As mentioned in the introduction, the Web2Cit server exposes the functionalities of the Web2Cit core via a web service. For this reason, the Web2Cit core (npm package web2cit) is one of its dependencies.

To better understand how Web2Cit server makes use of this library, you may check the brief explanation included in the Core documentation to showcase Web2Cit core capabilities.

Using local Web2Cit core

If you want that Web2Cit server uses your local build of Web2Cit core, you need to follow these steps:

  1. On the Web2Cit core directory:
    1. run npm link. This will create a global symlink for the Web2Cit core dependency.
    2. run npm build. Make sure you run this again after any changes made to the Web2Cit core source code.
  2. On the Web2Cit server directory
    1. run npm link web2cit. This will make the Web2Cit server use the global symlink for Web2Cit core instead of the package downloaded from npm.
    2. run npm install. You may need to run this again after some changes made to the Web2Cit core source code.

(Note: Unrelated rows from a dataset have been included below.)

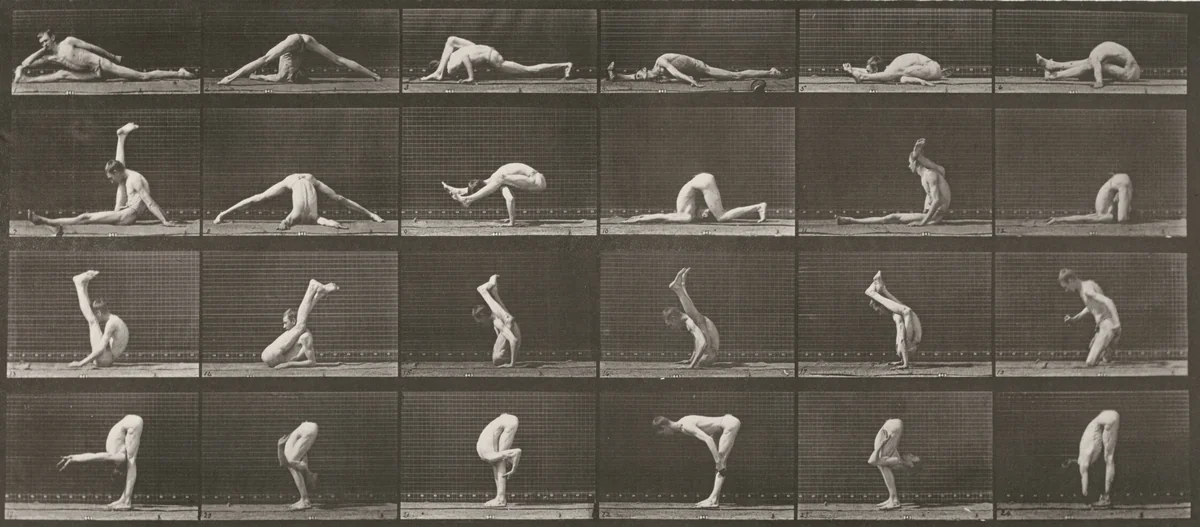 Plate Number 510. Contortions on the ground by Eadweard Muybridge, photograph, 1887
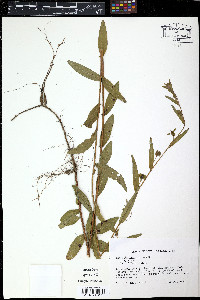 Ludwigia linearis image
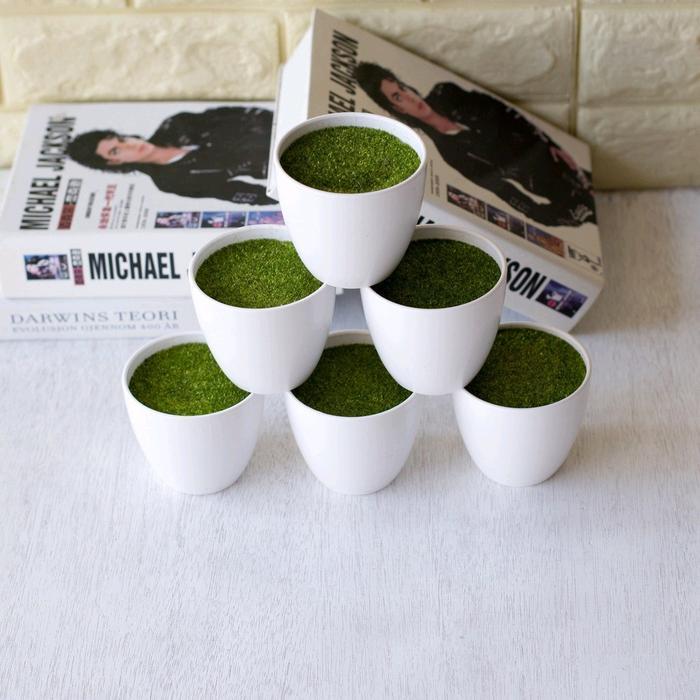 Grosir Promo Paket Hemat 6Pcs pot bulat sudah ada busa dan rumput / pot unik / pot lucu / pot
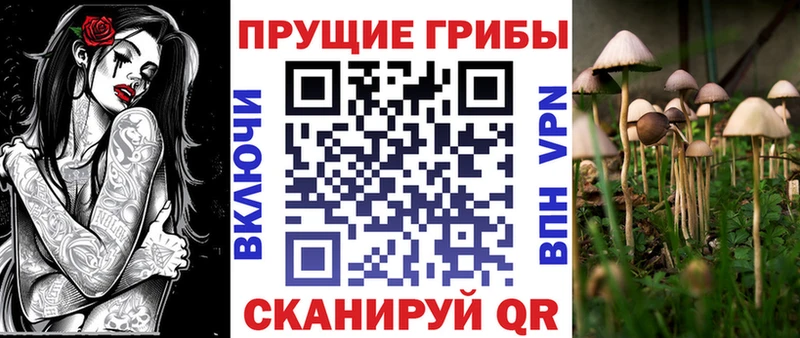 Псилоцибиновые грибы Cubensis  площадка клад  Бежецк 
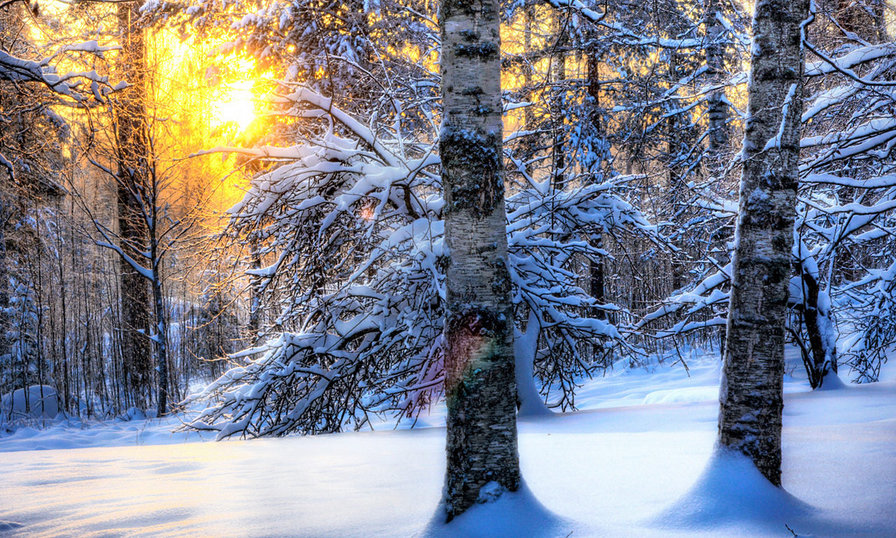 закат зимой - природа - оригинал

Debug with Visual Studio Code

The repository includes a .vscode/launch.json debug configuration file for the Visual Studio Code editor, with custom settings to ensure breakpoints can be set onto source files from the web2cit module (configuration/outFiles), even if a local build is being used (--preserve-symlinks as runtime argument).

To start debugging:

  1. Build Web2Cit server using npm run build as explained above.
  2. On Visual Studio Code, open the Run and Debug pane and start debugging using the Launch Program custom configuration. This will run node dist/app.js and attach the debugger to it. You should see a server is listening on 3000! message on the debug console.
  3. Set breakpoints where you want the program to stop for debugging purposes.

Automatic tests

Automatic tests of the Web2Cit server have not been implemented yet. See T305564.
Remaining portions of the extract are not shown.